Que se ignore este conflicto tampoco es una coincidencia. La ausencia de políticas que reconcilien la crisis editorial y que incentiven la lectura son nuevas formas de quemar libros una vez que el bajo índice de lectura de la población es quizás el obstáculo más comprometedor para superar las dificultades, y es a la vez consecuencia, de las condiciones socioeconómicas y educativas del país.
El libro es el principal e insustituible medio de difundir la cultura y transmitir el conocimiento, fomentar la investigación social y científica, preservar el patrimonio nacional, transformar y mejorar lo social y la calidad de vida. El libro sin lector existe apenas como objeto decorativo, un texto no existe en su forma significante si nadie lo inscribe en su memoria o lo transforma en experiencia. ¿Pero cómo podemos formar lectores sin libros?

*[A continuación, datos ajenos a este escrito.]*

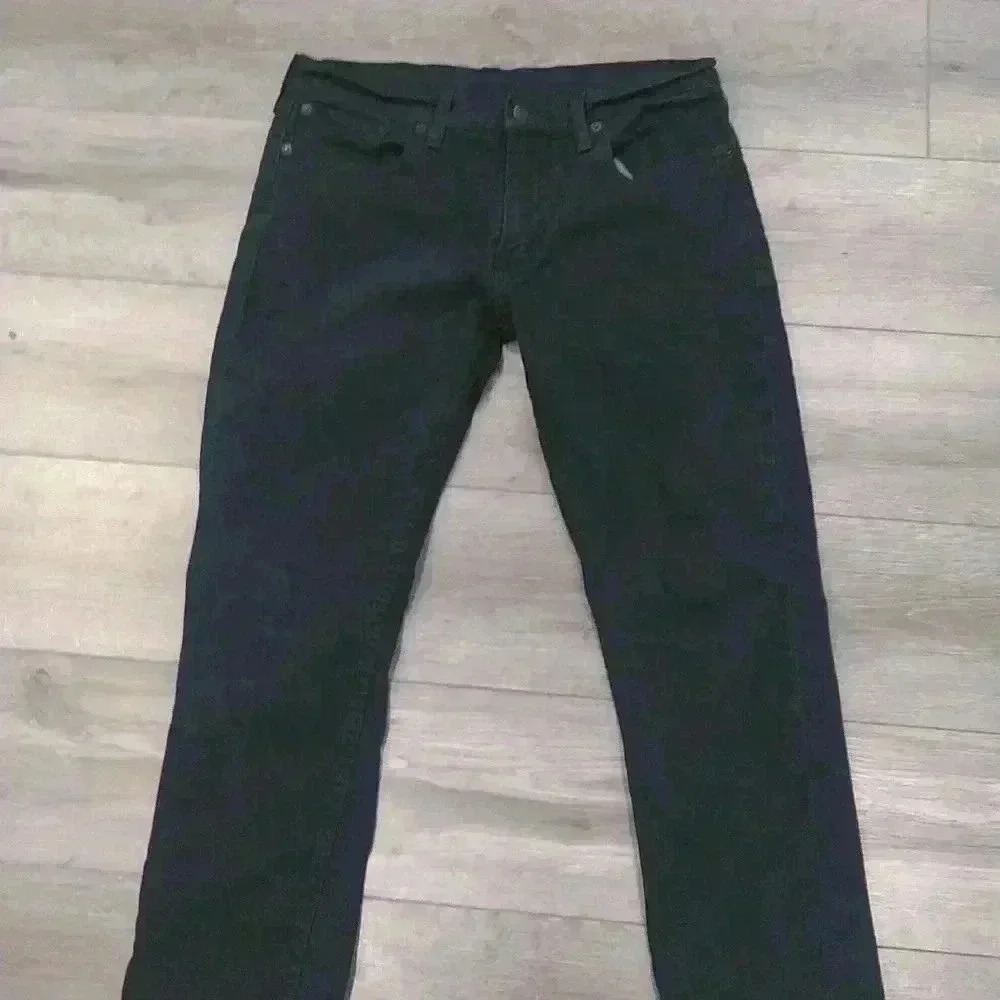 Levis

Nuestra demanda, como sociedad boliviana, es el desarrollo de la economía del libro como estímulo a la producción intelectual y el fortalecimiento de la economía creativa, a través de acciones de incentivo al mercado editorial y del libro, ferias del libro, eventos literarios y la adquisición de colecciones físicas y digitales para bibliotecas de acceso público. Porque sabemos que esta nueva forma de quemar los libros entorpece el desarrollo del pensamiento crítico y fomenta la reproducción de relaciones de poder asimétricas. La práctica de la lectura (de obras de diferente origen y procedencia) apunta a educar desde una pedagogía liberadora, y fomenta en el individuo una continua crítica frente a su realidad.